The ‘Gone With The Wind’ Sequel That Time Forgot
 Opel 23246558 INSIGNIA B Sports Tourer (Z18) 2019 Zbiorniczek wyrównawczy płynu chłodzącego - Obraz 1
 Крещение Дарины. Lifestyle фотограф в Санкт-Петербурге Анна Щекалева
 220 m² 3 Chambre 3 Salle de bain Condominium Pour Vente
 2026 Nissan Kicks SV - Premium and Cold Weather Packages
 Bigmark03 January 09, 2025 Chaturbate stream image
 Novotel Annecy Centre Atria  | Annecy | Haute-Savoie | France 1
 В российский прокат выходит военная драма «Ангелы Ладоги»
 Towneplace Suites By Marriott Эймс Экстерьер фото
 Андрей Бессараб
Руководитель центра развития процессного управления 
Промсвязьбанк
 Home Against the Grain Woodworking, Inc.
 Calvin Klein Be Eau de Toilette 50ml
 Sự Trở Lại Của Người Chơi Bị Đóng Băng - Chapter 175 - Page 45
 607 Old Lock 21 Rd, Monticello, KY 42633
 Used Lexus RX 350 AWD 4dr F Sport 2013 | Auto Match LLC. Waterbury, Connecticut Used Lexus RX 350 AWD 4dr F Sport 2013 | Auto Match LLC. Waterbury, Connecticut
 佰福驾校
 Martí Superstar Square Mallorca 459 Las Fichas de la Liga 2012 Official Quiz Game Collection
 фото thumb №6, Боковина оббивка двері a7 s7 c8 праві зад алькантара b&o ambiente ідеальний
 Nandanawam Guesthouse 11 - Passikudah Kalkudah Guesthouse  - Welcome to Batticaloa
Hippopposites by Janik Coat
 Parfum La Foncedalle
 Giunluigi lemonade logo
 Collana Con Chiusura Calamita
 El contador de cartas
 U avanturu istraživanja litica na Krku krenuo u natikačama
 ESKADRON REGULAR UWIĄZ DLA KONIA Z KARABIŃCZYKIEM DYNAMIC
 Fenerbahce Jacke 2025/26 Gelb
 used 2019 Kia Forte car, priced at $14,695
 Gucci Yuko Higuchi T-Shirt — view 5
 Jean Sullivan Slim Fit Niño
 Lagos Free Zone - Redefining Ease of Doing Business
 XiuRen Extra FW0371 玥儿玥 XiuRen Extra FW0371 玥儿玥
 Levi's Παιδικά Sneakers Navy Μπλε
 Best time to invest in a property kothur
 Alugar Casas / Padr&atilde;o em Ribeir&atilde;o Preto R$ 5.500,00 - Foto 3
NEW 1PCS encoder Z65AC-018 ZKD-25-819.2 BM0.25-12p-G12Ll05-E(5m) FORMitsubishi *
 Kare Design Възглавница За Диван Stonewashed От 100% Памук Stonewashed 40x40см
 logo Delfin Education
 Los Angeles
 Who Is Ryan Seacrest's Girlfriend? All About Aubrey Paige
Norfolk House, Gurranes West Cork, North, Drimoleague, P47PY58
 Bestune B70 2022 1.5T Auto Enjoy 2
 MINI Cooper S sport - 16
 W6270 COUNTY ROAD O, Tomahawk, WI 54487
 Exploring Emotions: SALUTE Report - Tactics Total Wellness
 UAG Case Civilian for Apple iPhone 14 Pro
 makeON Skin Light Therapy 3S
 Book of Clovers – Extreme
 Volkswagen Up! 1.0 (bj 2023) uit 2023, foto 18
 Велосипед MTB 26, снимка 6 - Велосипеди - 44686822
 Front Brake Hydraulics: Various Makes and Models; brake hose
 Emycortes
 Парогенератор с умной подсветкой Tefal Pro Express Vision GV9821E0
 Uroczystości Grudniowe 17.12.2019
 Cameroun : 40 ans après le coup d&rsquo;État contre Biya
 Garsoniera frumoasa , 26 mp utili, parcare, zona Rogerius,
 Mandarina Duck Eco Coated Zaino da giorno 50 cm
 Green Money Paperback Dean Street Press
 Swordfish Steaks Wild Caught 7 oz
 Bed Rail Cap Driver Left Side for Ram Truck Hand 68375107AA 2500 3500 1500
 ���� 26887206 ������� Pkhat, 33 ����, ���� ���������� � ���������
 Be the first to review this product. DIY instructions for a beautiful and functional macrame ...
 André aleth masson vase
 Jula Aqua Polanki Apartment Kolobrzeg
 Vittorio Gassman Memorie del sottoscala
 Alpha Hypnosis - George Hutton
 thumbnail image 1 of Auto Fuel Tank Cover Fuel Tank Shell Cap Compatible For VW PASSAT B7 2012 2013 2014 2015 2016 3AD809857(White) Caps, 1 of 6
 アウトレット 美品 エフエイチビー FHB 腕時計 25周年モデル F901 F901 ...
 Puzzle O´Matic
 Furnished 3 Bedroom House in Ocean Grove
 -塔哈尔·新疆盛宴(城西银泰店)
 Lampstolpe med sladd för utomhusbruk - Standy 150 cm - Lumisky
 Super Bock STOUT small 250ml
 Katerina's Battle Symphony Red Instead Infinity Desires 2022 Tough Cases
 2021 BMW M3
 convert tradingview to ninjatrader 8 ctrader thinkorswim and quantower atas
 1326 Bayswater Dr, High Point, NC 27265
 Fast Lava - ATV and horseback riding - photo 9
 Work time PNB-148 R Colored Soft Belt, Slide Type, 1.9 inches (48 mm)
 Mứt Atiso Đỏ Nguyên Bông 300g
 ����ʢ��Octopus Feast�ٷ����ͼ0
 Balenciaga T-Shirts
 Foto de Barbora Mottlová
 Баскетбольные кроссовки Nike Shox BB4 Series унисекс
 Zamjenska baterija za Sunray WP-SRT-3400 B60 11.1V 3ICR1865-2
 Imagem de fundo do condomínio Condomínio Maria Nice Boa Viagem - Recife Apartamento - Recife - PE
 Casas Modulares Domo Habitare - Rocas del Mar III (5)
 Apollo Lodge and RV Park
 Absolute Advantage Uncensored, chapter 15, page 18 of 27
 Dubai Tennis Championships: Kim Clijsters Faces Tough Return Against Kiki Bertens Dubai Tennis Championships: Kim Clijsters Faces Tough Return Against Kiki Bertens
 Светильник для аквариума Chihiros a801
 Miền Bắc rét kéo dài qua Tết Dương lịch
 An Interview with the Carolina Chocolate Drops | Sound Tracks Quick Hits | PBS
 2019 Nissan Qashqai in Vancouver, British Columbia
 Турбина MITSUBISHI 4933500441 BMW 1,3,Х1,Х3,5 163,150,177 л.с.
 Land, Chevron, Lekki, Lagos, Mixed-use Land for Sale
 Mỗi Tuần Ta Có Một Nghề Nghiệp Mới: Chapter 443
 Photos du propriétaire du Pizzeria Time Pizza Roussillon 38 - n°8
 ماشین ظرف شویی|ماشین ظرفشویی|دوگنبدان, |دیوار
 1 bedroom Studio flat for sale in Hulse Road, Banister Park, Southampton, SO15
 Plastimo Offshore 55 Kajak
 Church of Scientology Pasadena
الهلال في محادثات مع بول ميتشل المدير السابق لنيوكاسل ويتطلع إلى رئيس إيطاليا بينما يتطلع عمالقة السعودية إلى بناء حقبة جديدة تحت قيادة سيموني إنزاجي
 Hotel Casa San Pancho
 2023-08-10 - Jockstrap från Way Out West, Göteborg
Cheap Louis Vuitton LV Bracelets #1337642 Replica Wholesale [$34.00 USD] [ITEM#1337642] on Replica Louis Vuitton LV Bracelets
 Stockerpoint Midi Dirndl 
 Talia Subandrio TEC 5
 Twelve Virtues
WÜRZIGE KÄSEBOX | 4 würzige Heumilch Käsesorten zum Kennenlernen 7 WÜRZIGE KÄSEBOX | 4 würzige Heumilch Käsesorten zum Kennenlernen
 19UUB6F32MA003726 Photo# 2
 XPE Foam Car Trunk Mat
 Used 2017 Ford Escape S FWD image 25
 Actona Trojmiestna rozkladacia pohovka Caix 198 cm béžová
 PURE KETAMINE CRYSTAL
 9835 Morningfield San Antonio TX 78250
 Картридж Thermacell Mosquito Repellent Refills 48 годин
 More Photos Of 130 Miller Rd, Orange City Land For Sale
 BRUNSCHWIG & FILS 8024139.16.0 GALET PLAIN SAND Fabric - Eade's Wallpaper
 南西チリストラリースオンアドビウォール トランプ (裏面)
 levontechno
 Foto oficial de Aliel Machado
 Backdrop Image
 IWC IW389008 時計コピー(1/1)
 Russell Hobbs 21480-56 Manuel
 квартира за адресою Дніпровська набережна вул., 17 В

• • • • •

When a line of the records has the word "Photos", pick it out and copy it.

 Photos du propriétaire du Pizzeria Time Pizza Roussillon 38 - n°8
 More Photos Of 130 Miller Rd, Orange City Land For Sale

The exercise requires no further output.